Un délai doit être imparti au recourant pour procéder à la remise en état de sa parcelle; compte tenu des circonstances du cas d'espèce, ce délai sera fixé au 30 juin 2025, le bail, signé le 15 avril 2024, concernant l'usage de la parcelle no 291 comme parking prévoyant, à son art. 7, qu'il peut être résilié avec effet immédiat dans l'hypothèse où l'usage convenu deviendrait impossible en raison d'une décision administrative.

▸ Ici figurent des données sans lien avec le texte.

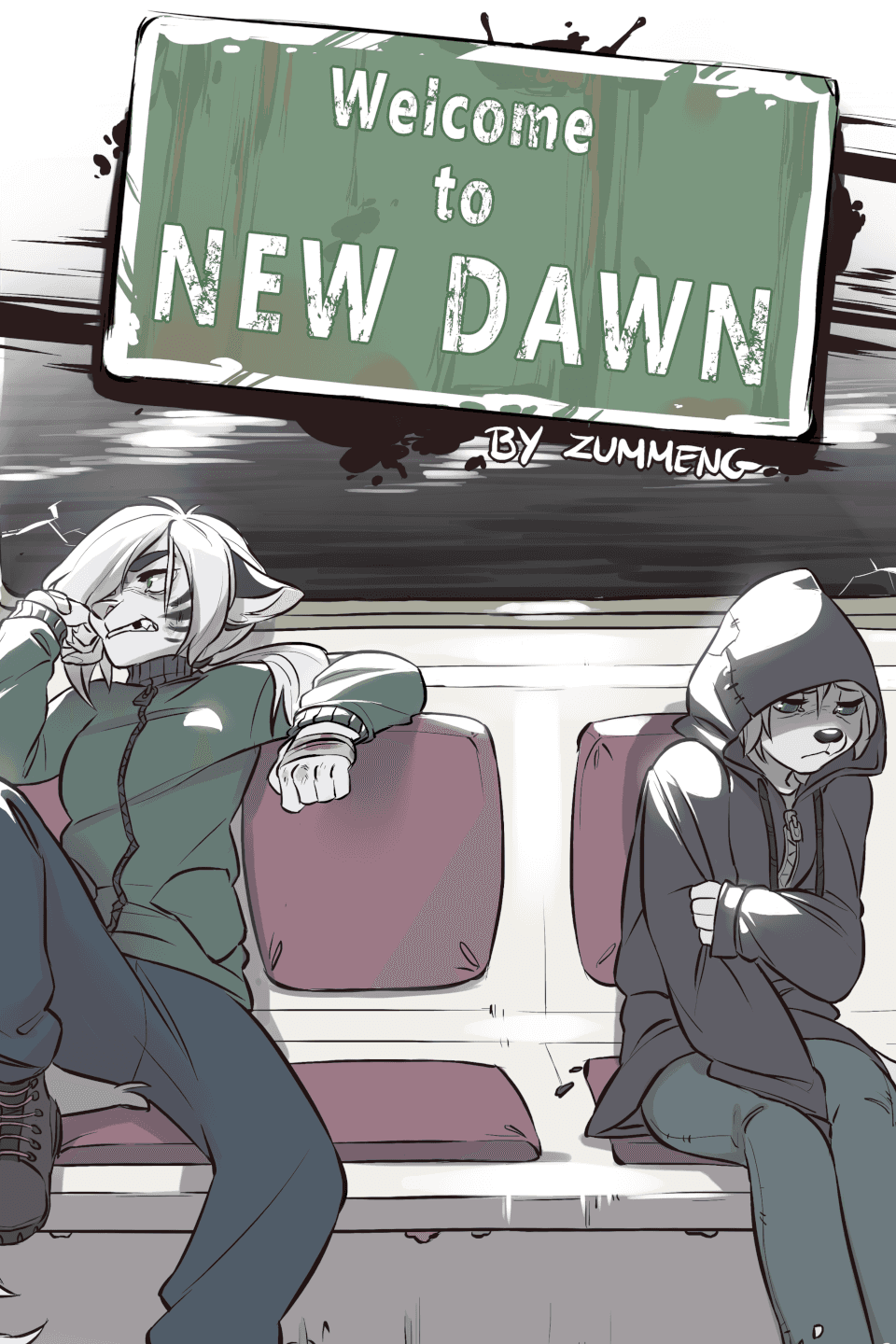 Welcome to New Dawn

3. Le considérant qui précède conduit à l'admission partielle du recours. Cela entraîne la réforme de la décision attaquée dans le sens du consid. 2c. Le recourant, qui succombe pour l'essentiel, doit supporter deux tiers de l'émolument judiciaire, le solde étant mis à la charge de l'autorité intimée (art. 49 LPA-VD). Le recourant doit également une indemnité de dépens – également réduite et partiellement compensée – en faveur de la commune de la Tour-de-Peilz, qui a procédé avec l'aide d'un avocat (art. 55 LPA-VD).
Par ces motifs
la Cour de droit administratif et public
du Tribunal cantonal
arrête:
I. Le recours est partiellement admis.
II. La décision rendue le 25 juillet 2024 par la Municipalité de La Tour-de-Peilz est réformée en ce sens que le recourant A.________ doit évacuer tous les véhicules ainsi que tous les autres dépôts présents sur la parcelle no 291, et supprimer la bande goudronnée réalisée sur ce bien-fonds privé, le long du domaine public de la rue des Terreaux, d'ici au 30 juin 2025.

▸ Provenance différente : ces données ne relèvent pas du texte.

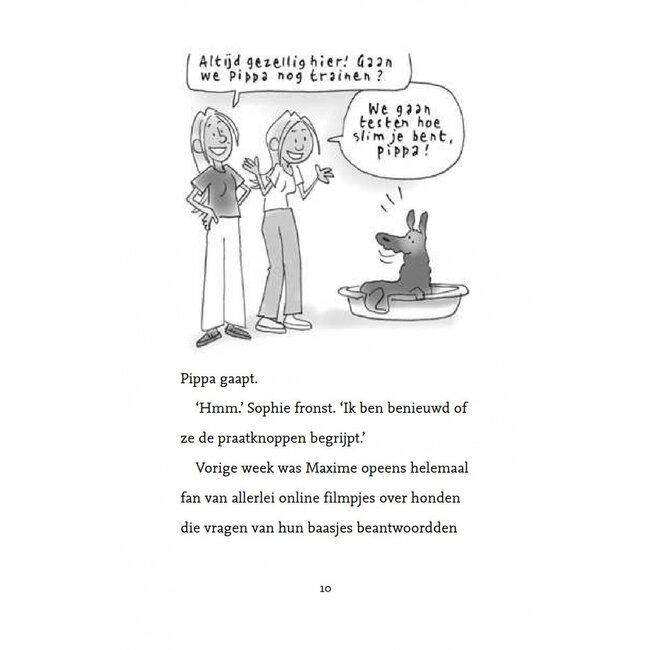 Maxime & Sophie - De verboden game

III. L'émolument judiciaire de 3'000 (trois mille) francs au total est mis à la charge du recourant A.________ à concurrence de 2'000 (deux mille) francs et à la charge de la commune de La Tour-de-Peilz à concurrence de 1'000 (mille) francs.
IV. Une indemnité de 1'000 (mille) francs, à verser à la commune de La Tour-de-Peilz à titre de dépens, est mise à la charge du recourant A.________.
Lausanne, le 12 mai 2025
Le présent arrêt est communiqué aux participants à la procédure.

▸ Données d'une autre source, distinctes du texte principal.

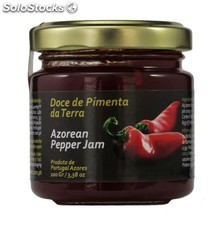 Mermelada de Pimienta de las Azores Azores Gourmet 100 gr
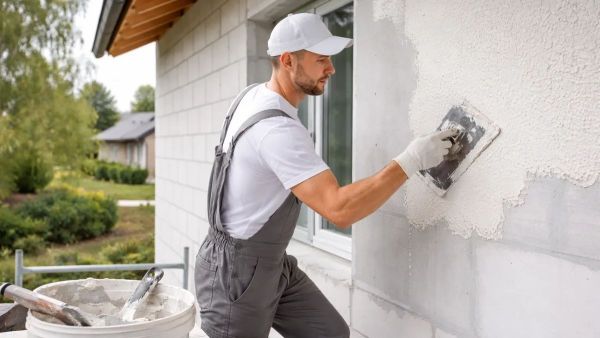 5 étapes pour améliorer la performance thermique de vos murs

Il peut faire l'objet, dans les trente jours suivant sa notification, d'un recours au Tribunal fédéral (Tribunal fédéral suisse, 1000 Lausanne 14). Le recours en matière de droit public s'exerce aux conditions des articles 82 ss de la loi du 17 juin 2005 sur le Tribunal fédéral (LTF - RS 173.110), le recours constitutionnel subsidiaire à celles des articles 113 ss LTF. Le mémoire de recours doit être rédigé dans une langue officielle, indiquer les conclusions, les motifs et les moyens de preuve, et être signé. Les motifs doivent exposer succinctement en quoi l’acte attaqué viole le droit. Les pièces invoquées comme moyens de preuve doivent être jointes au mémoire, pour autant qu’elles soient en mains de la partie; il en va de même de la décision attaquée.